Двигаться не получалось. Мальчик уже не помнил, когда это началось. Движения превратились в игру теней.

Мальчик все понял. Он попытался уйти к другой стене, но движение осталось мысленным порывом, и когда он поднял голову, чтобы посмотреть в ту сторону, откуда раздавалось…

Опять он ощутил змеиный холод между лопаток, стекающий ниже, мороз по коже и внезапный жар, и он поскользнулся на полу и упал, ударившись бедром. Опоры не было.

Он услышал голос.

«Внутри меня кричит голос, он кричит мне. Я знаю, что происходит. Теперь я отползу в угол, и, если я сделаю это тихо и осторожно, меня не тронут.

Мама. Мама!»

Он услышал потрескивание, как бывает во время паузы. От звука никуда не деться. Он знал, что это.

«Прочь.

Прочь отсюда.

Я все понимаю. Снова холод, я смотрю вниз и вижу свою ногу, но не могу сказать, какая это нога. Какой яркий, ослепляющий свет. Когда стало холодно, здесь, внутри, загорелся свет, и все вокруг кануло в ночь.

Я слышу звук мотора, но машина уезжает. Никто не приедет.

Убирайся!»

Он еще в состоянии жить, и, если только его оставят одного, он сможет пойти вдоль стены и найти дверь. Человек вошел, достал вещи, и настала ночь.

Он по-прежнему слышал музыку, но, вероятно, она играла внутри его самого. Играл Морриссей, и он знал, что альбом назван по имени части города по эту сторону реки, недалеко отсюда. Поэтому он сюда приехал.

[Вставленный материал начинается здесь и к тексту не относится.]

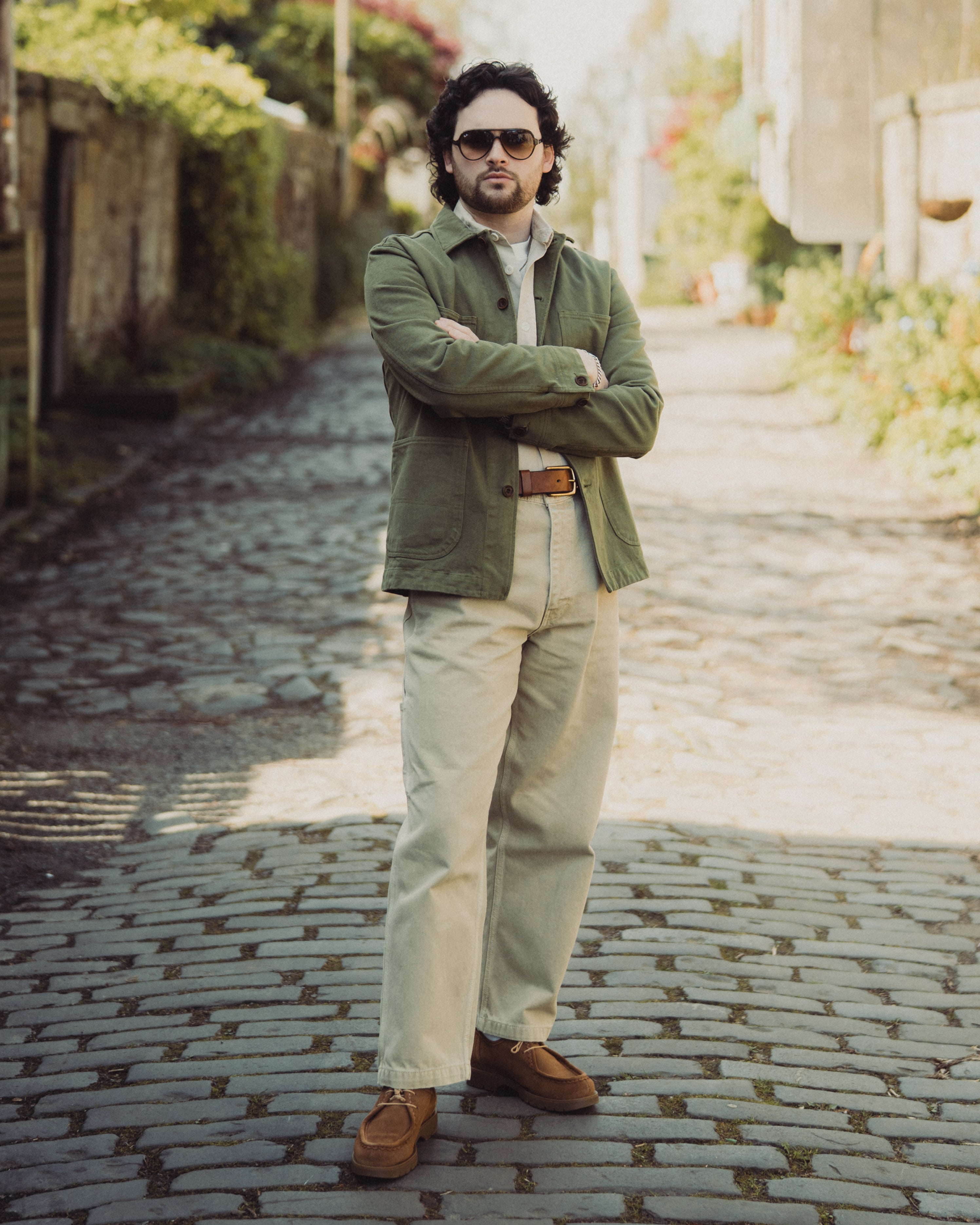 Man standing on a cobblestone street wearing a green jacket and sunglasses.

Он знал много такого.

Музыка стала громче, и шороха уже не было слышно.

Свет был столь резок, что причинял боль во всем теле.

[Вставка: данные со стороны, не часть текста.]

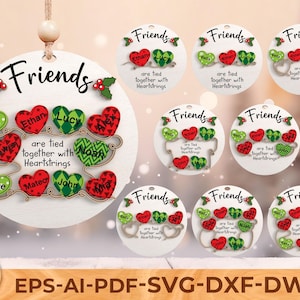 May include: A white wooden ornament with the word "Friends" and holly accents. It features red and green heart-shaped name tags connected by heartstrings. Additional ornaments with similar designs are also shown.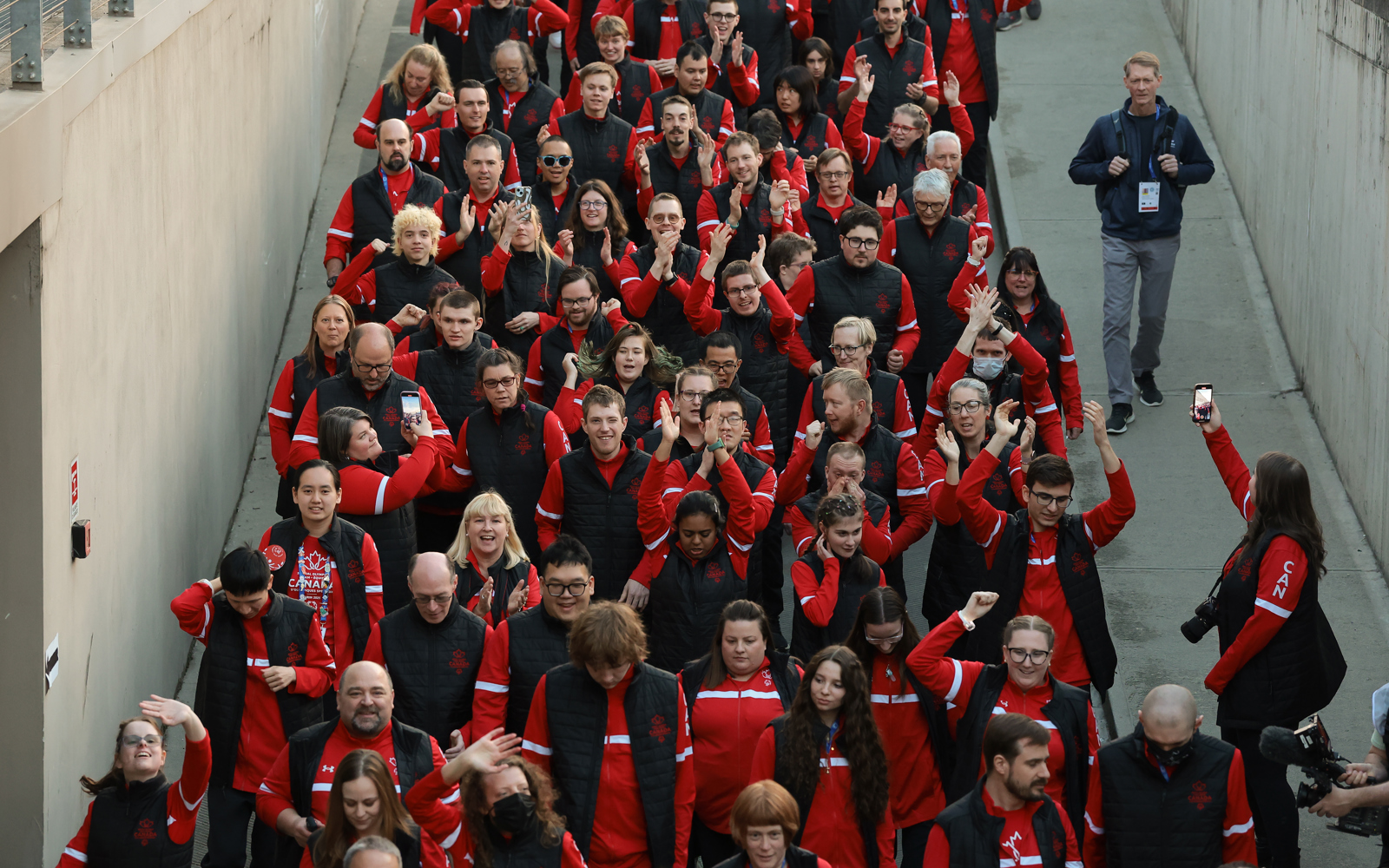 Large group of people walking. All dressed in red Canada gear.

«Нет, я не чувствую боли, — думал мальчик. — Я не потерял силы. Если мне только удастся подняться, я смогу выбраться. Надо попробовать что-то сказать. Время утекает. Ты засыпаешь и вдруг вздрагиваешь и сам себя вытаскиваешь из дыры небытия, и это единственное, что в тот момент имеет значение. А потом нападает страх, и не можешь ни заснуть, ни двинуться, хочешь пошевелиться, но не получается».

Дальше он не так много думал. То, по чему бежали мысли, провода и кабели, оказались обрезаны, и мысли неуправляемо вырывались прямо из рваных косых отверстий на теле и голове и выливались с кровью.

«Я понимаю: это кровь, и это моя кровь. Холода больше нет, наверное, все кончено. Что будет дальше?

Я чувствую, что я встал на одно колено. Я смотрю прямо на свет, отталкиваюсь от него и двигаюсь к стене.

У меня все получается. Сбоку что-то подвигается ко мне. Может быть, я сумею».

Он попытался подвинуться к укрытию, которое где-то должно быть, и музыка стала громче. Вокруг него было много движений, в разные стороны, он падал, и его ловили и тащили вверх и вбок. Потолок и стены кружились, и нельзя разобрать, где кончается одно и начинается другое.

Последняя нить, соединявшая мысли вместе, лопнула, и только обрывки смутных воспоминаний витали, когда внезапно все прекратилось. Потом удаляющиеся шаги, тишина и его тонкое тело, обвисшее на стуле.